# Task 4: Feature Encoding & Scaling
## Adult Income Dataset

This notebook performs feature encoding and scaling as required for the AI & ML Internship Task 4.

In [None]:

# Libraries
import pandas as pd
import numpy as np
from sklearn.preprocessing import LabelEncoder, StandardScaler


## Load Dataset

In [None]:

columns = [
    'age', 'workclass', 'fnlwgt', 'education', 'education-num',
    'marital-status', 'occupation', 'relationship', 'race',
    'sex', 'capital-gain', 'capital-loss', 'hours-per-week',
    'native-country', 'income'
]

df = pd.read_csv("adult.csv", names=columns)
df.head()


## Identify Categorical & Numerical Features

In [None]:

categorical_features = df.select_dtypes(include='object').columns
numerical_features = df.select_dtypes(exclude='object').columns

categorical_features, numerical_features


## Label Encoding (Target Column)

In [None]:

le = LabelEncoder()
df['income'] = le.fit_transform(df['income'])
df['income'].value_counts()


## One-Hot Encoding

In [None]:

categorical_features = categorical_features.drop('income')
df_encoded = pd.get_dummies(df, columns=categorical_features)
df_encoded.head()


## Feature Scaling

In [None]:

scaler = StandardScaler()
df_encoded[numerical_features] = scaler.fit_transform(df_encoded[numerical_features])
df_encoded[numerical_features].head()


## Save Processed Dataset

In [None]:

df_encoded.to_csv("adult_processed.csv", index=False)
print("Processed dataset saved successfully.")

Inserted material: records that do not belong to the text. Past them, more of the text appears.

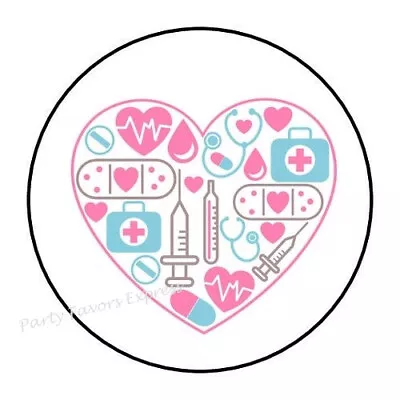 30 Medical Heart Nurse Doctor Envelope Seals Labels Stickers 1.5  Round • $1.95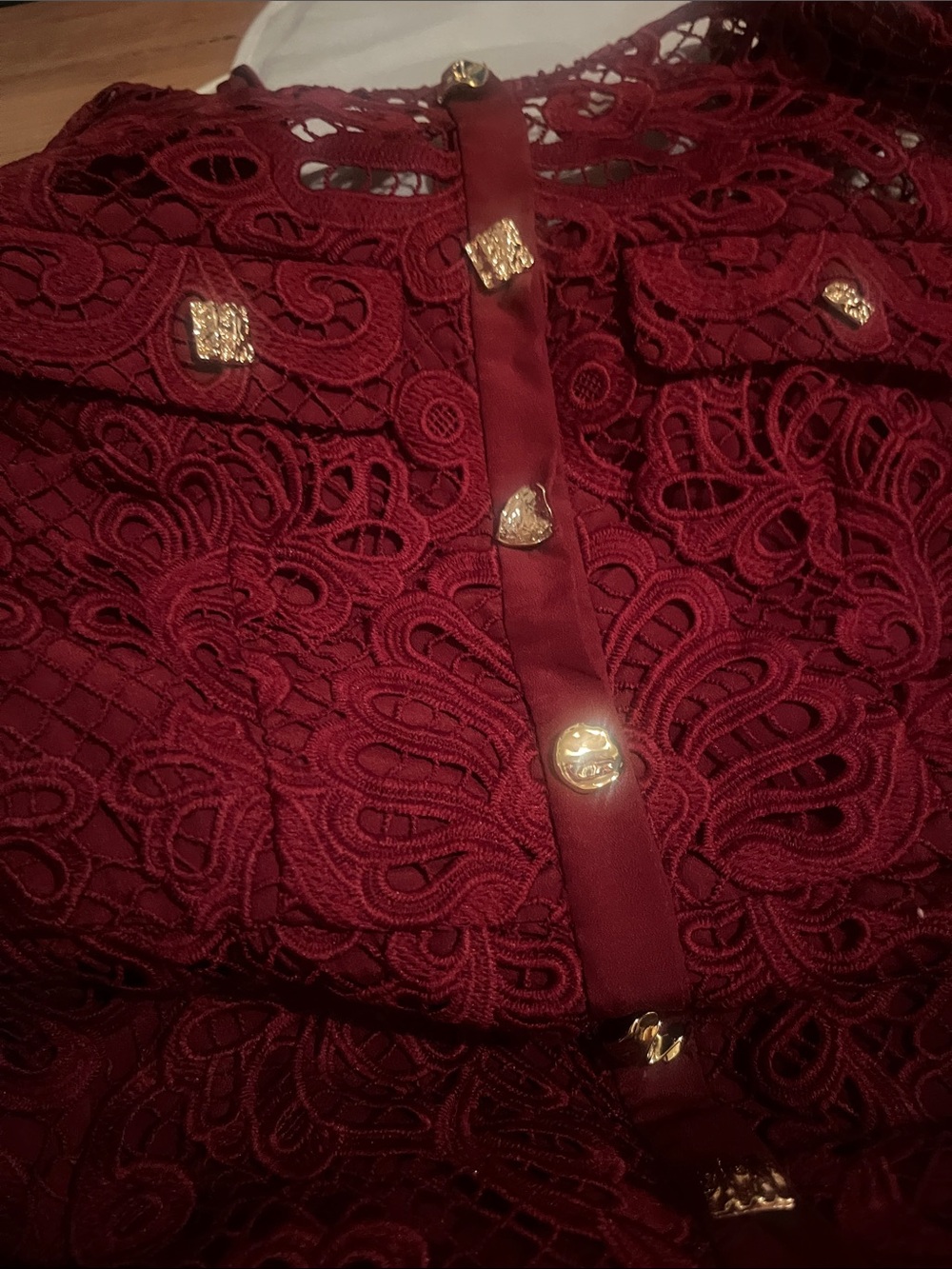 Self portrait lace burgundy dress us4 guipure stunning - Picture 6 of 9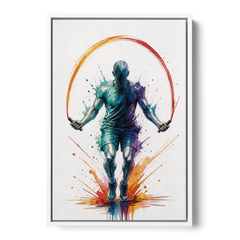 Fitness Wall Art Skipping Rope in Full Arc - White Framed Canvas Wall Art - Front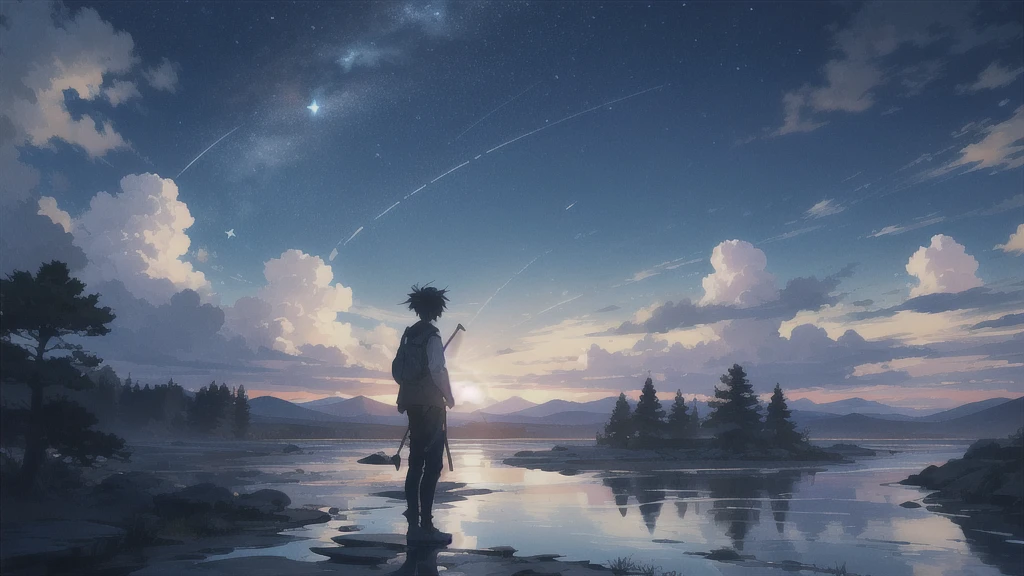 真っ暗なnight空,Octane, star (null), scenery, Blue parakeet,The acoustic guitar is in front of the body.,star, night, A girl and a boy back to back, Back view, 座ってる,Outdoor, city,Blue parakeet,building, cloud, 天のriver,silhouette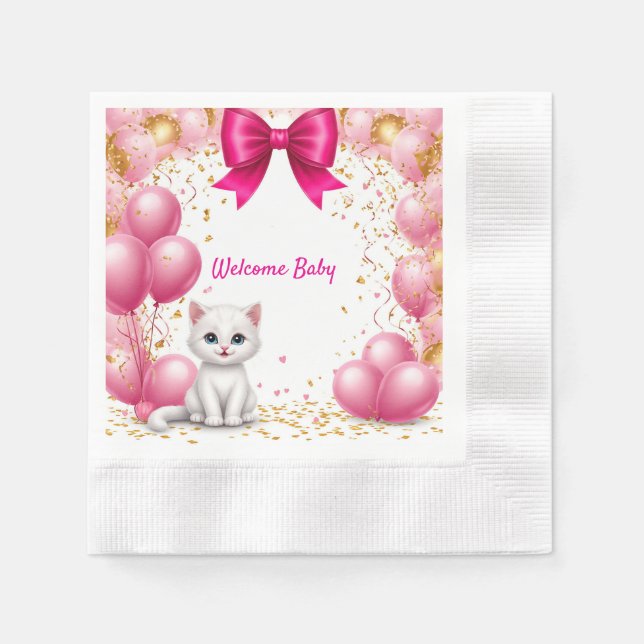 Serviette En Papier Carte de bienvenue Bébé Petit Chat 🐱 (Devant)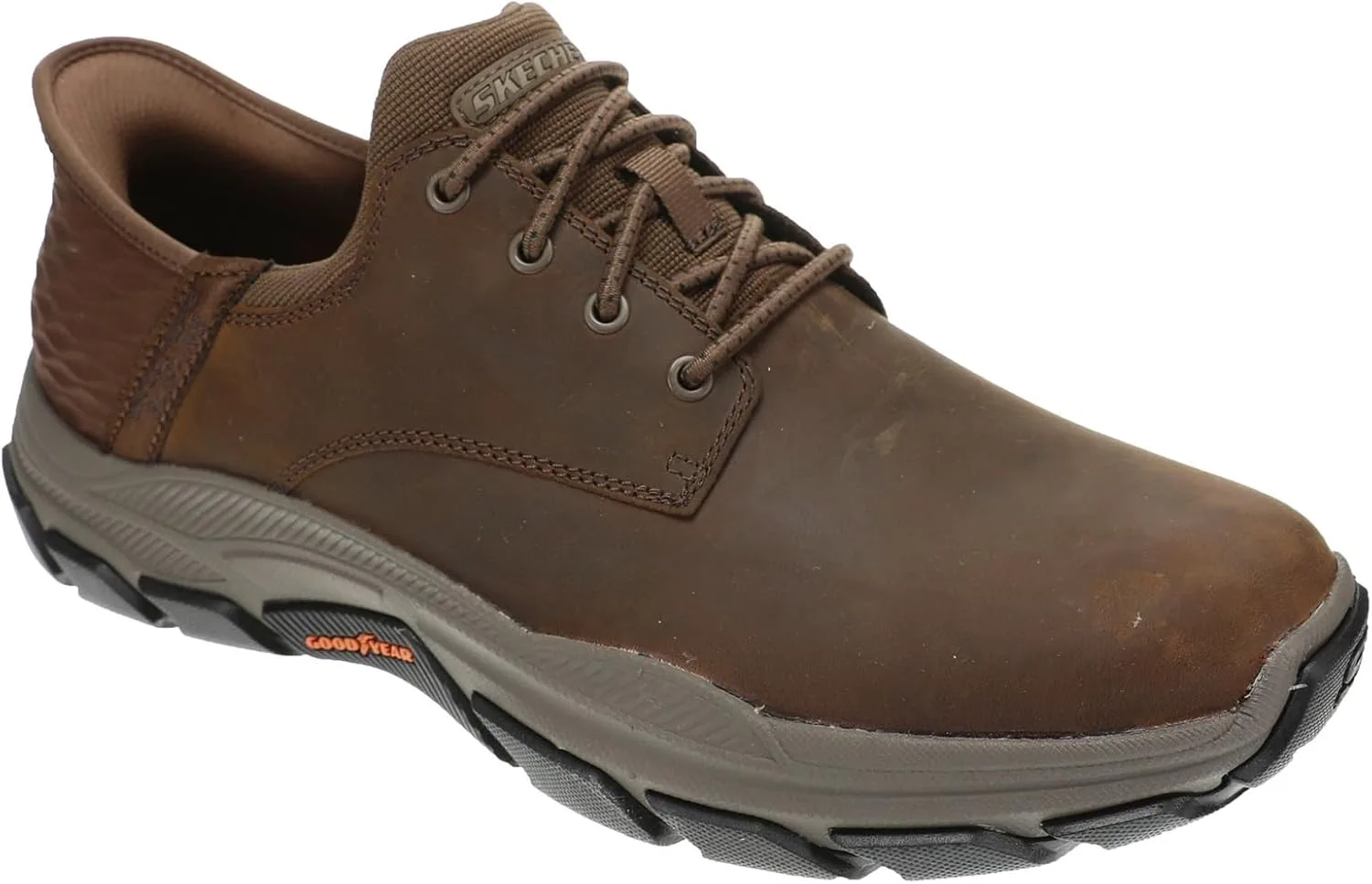 Мужские слипоны Skechers USA Respected - Garrett из кожи с круглым носком и шнуровкой на резинке Skechers USA Men's, темно-коричневый — фото 4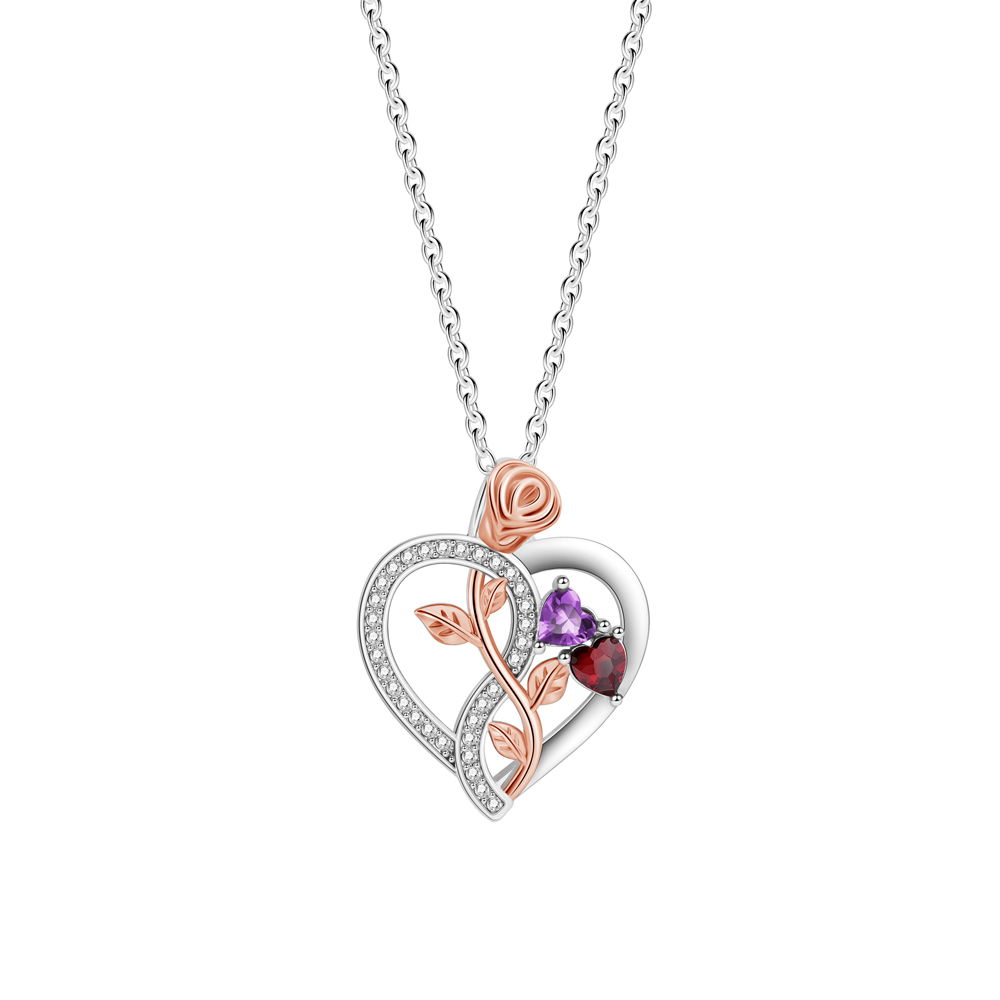 Heart-shaped birthstone rose necklace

## Interview Questions (Short Answers)

- **Label vs One-Hot Encoding**: Label for ordered data, One-Hot for unordered.
- **Why Scaling?**: To bring features to same range.
- **Normalization**: Scaling data between 0 and 1.
- **Algorithms needing scaling**: KNN, SVM, Logistic Regression, K-Means.
- **Feature Engineering**: Transforming raw data into useful features.